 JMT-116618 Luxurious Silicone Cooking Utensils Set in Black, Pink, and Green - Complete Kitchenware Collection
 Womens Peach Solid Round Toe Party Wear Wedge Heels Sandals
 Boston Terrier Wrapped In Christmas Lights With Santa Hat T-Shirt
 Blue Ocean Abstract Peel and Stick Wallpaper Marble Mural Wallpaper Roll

==============================

▶ _TASK DIRECTIONS_
Retype the data shown above so that each line matches the original.

▶ _TASK ANSWER_
 JMT-116618 Luxurious Silicone Cooking Utensils Set in Black, Pink, and Green - Complete Kitchenware Collection
 Womens Peach Solid Round Toe Party Wear Wedge Heels Sandals
 Boston Terrier Wrapped In Christmas Lights With Santa Hat T-Shirt
 Blue Ocean Abstract Peel and Stick Wallpaper Marble Mural Wallpaper Roll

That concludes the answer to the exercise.